I’m so glad it’s August. The weather has finally started calming down, and I’ve begun to get those back-to-school-tingles that I love so much. Pretty soon the whole world will put on the most bewitching perfume, and we’ll all start gathering “bouquets of sharpened pencils.”
Steak, rice, Nuts, cheese, and various veggies |
Rice, egg soboro, cukes, cheese, and zucchini cake |
You can see that I’ve used some unorthodox containers to accommodate my varying leftovers. I’m really happily embarrassed with my rice heart. Like a charaben bride . . . . Anyway, to make it I placed the veggies around a cookie cutter before stuffing the thing with rice. And, yes, the rice held the whole day with the cookie cutter removed.
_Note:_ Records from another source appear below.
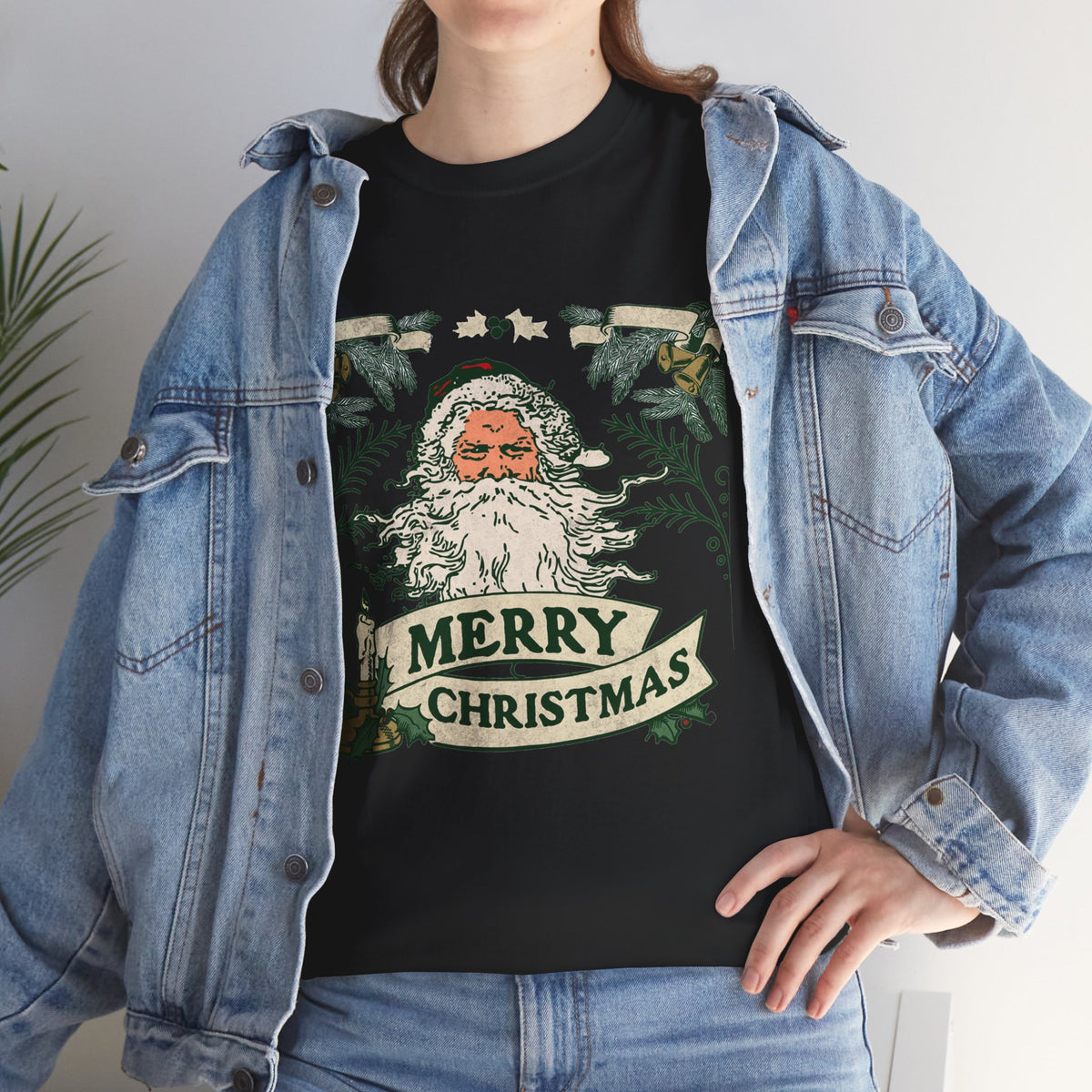 Vintage Santa Christmas Shirt, Retro Merry Christmas Tee, Old Fashioned Santa Graphic T-Shirt, Nostalgic Holiday Gift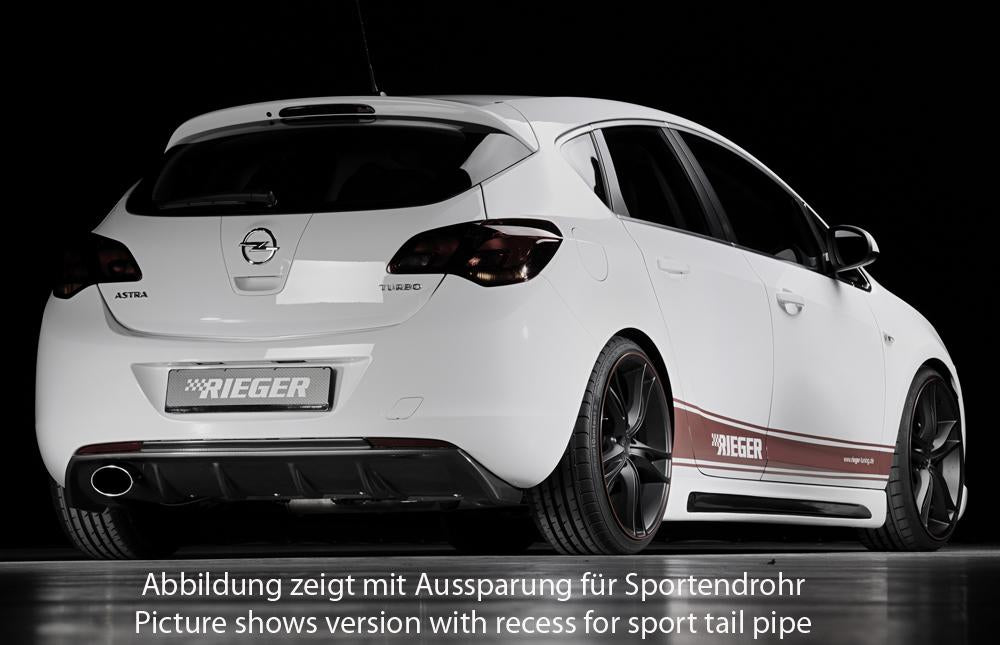 Opel Astra J Rieger Heckeinsatz für orig. Endrohr li., ABS, Carbon-Look,
inkl. Montagezubehör, Gutachten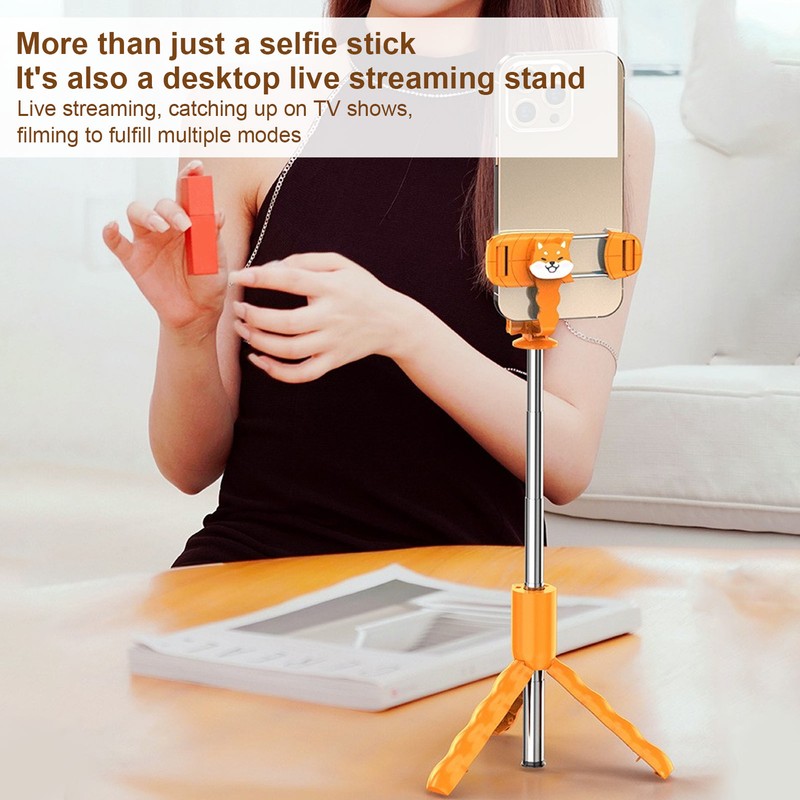 Cute Cartoon Puppy Selfie Stick Tripod 26.4 Inch Extendable Handheld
I’m always interested in how other people’s bentos hold up after being lugged to work, or even how they survive having the lid put on them – some people like to have everything popping out of the box when they take their pictures, which is striking but can hardly reflect what they see when they sit down to lunch. I know that when I use this particular bowl I have to be really careful about how I carry it, because, being a vessel of chinese take-out origins, the lid doesn’t fit that securely. My other bento boxes I’m a lot more careless with, to the point where I have had to mop spilled vinegar off my blue case more than once.